Fed VC Speaks on Risk Management and Financial Stability
Vice Chairman of the Federal Reserve Board Donald Kohn gave a speech today in North Carolina. He stressed the
needs for a better response to financial turmoil. He offered his take on what banks and the Federal Reserve need to do. Here are some highlights of his speech.
A more resilient financial system will also require banks to strengthen all aspects of the originate-to-distribute model. They need to pay more attention to origination, including when they are distributing credits they have not originated. And they need to ensure that when they distribute risks into the market with securitization, the risks really are distributed and will not come back onto their balance sheet later.
Banks and investors must devote more effort to due diligence when investing in structured products, and they must avoid relying so heavily on credit rating agencies to do all their homework for them.
Banks must come to grips with the implications that their capital markets businesses have for liquidity risk management.
All banks–large and small–need to consider whether they need greater capital cushions.
At the Federal Reserve and at other bank regulatory agencies, our job is to reinforce the incentives and actions that are building a more resilient financial system. We need to make sure that regulatory minimum capital requirements and liquidity management plans protect reasonably well against shocks becoming systemic. Our supervisory guidance needs to be in place to prevent backsliding when, over the coming years, the memories and lessons of the current market turmoil fade, as they certainly will.

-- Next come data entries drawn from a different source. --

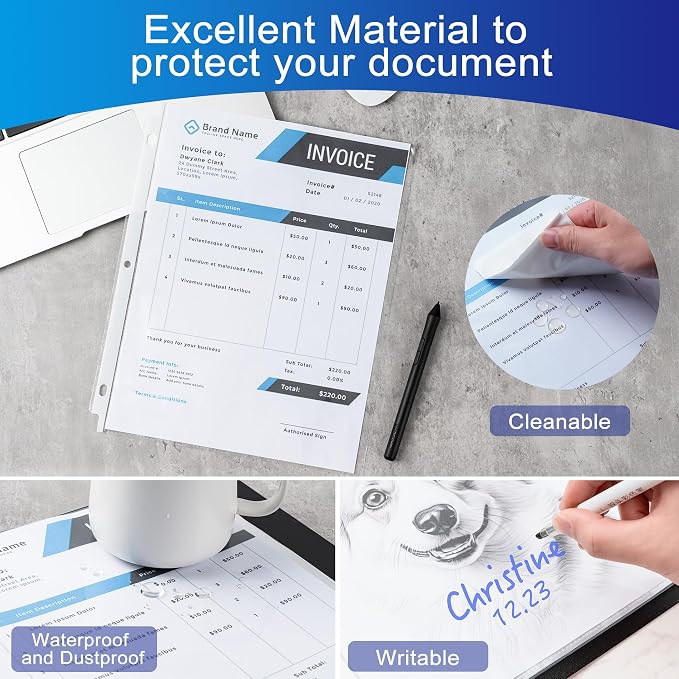 Aegero 130 Pack Clear Sheet Protectors, 8.5 x 11 inch Page Protectors - Image 4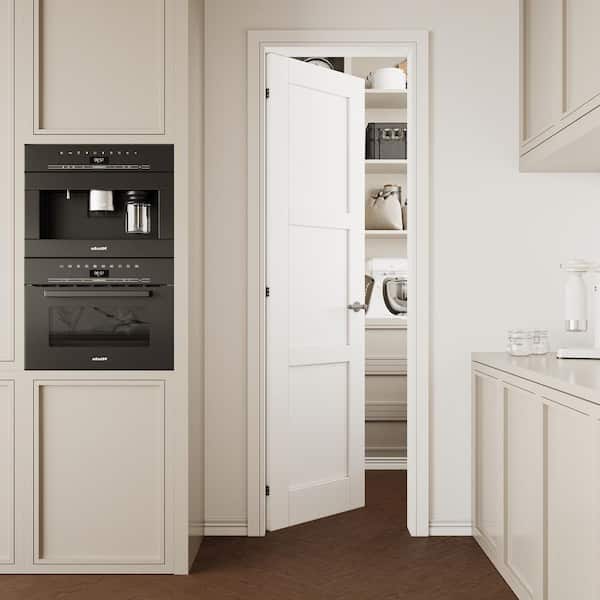 18 in. x 80 in. 3-Lite Paneled Blank Solid Core Composite Manufacture Wood White Primed Interior Door Slab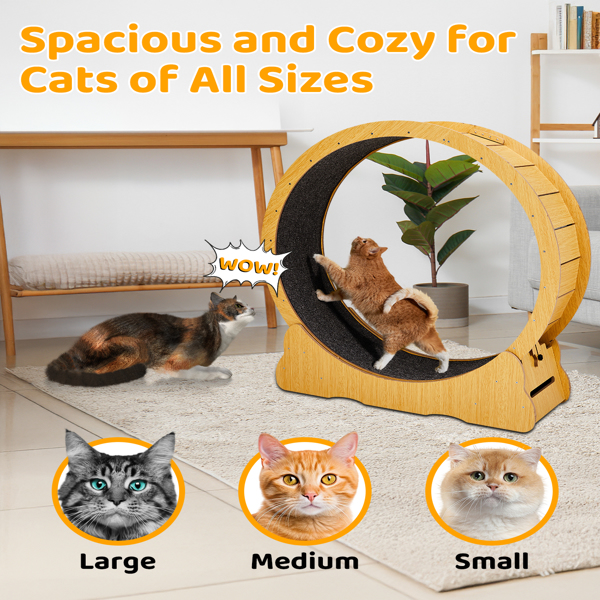 Cat Wheel Exerciser for Indoor Cats, 43.3-inch Large Cat Exercise Wheel for Running Silent, Cat Treadmill with Safety Lock for Cat's Fitness and Health, Natural Wood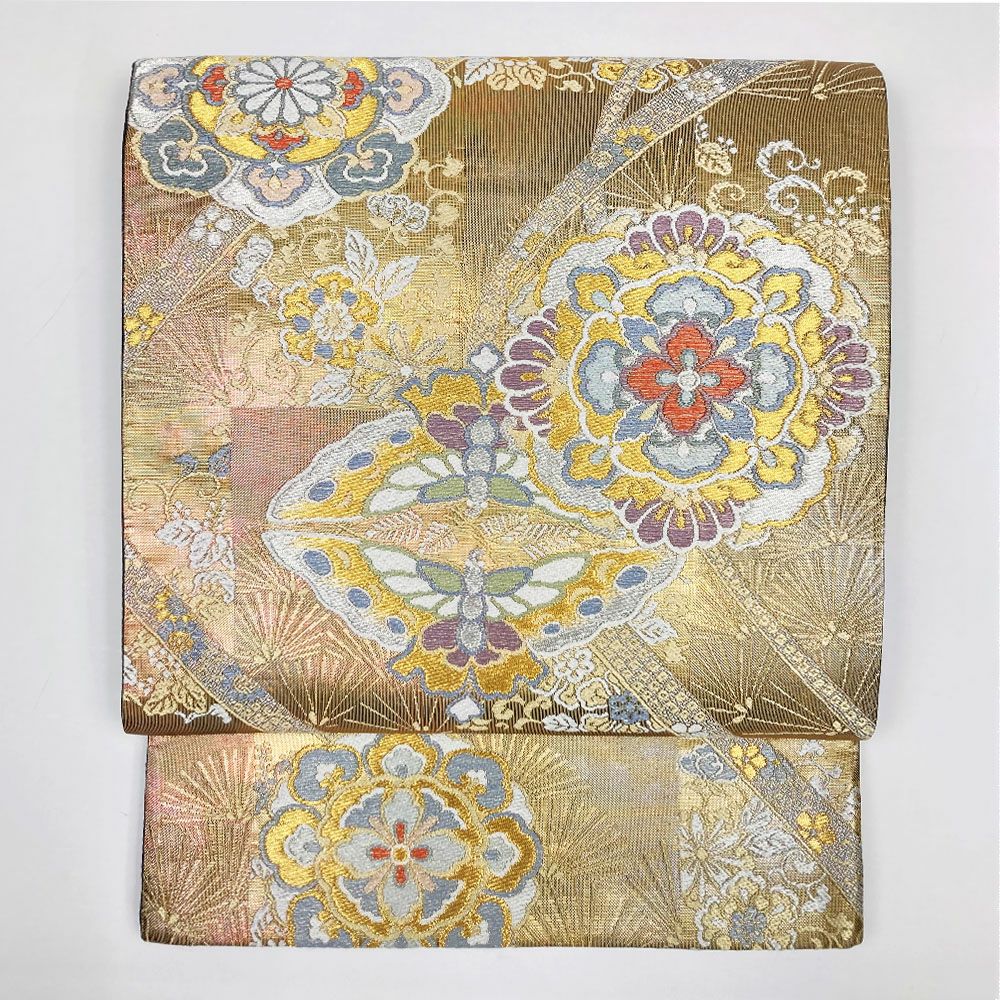 中古）袋帯 金 フォーマル 六通 金糸 市松地 宝華文 向い蝶文 松 蔓花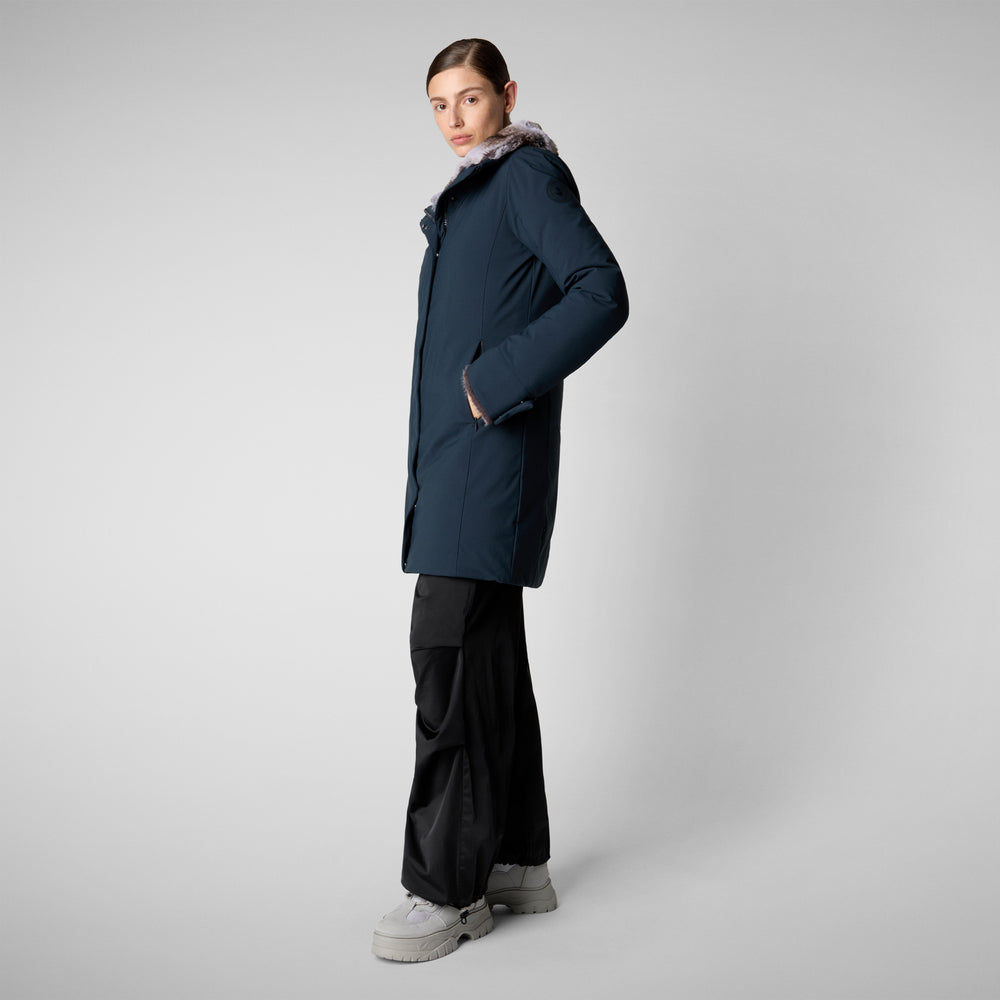 Save the duck PARKA DONNA CON CAPPUCCIO SAMANTAH BLU NERO Fino Al -60%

Vice Chairman Kohn also talked about some specific financial stability concerns. Here are the three issues that he noted.
First, securities markets have become so large that commercial banks simply lack sufficient capital and balance sheet capacity to readily fill the gap when markets are impaired.
Second, banks themselves are more dependent on well-functioning securities markets, and as that dependence and the important role of banks as ultimate providers of funding to those markets became clearer, pressures on banks mounted.
Third, large commercial banks and investment banks have increasingly similar risk profiles, so that all are subject to the same risk-management challenges under the same circumstances.
Kohn is basically worried about excessive leverage problems and the susceptibility to runs on banks and securities firms. He believes that monetary policy needs to give attention to the “liquidity risk-management policies and practices of major investment banks,” and commercial banks.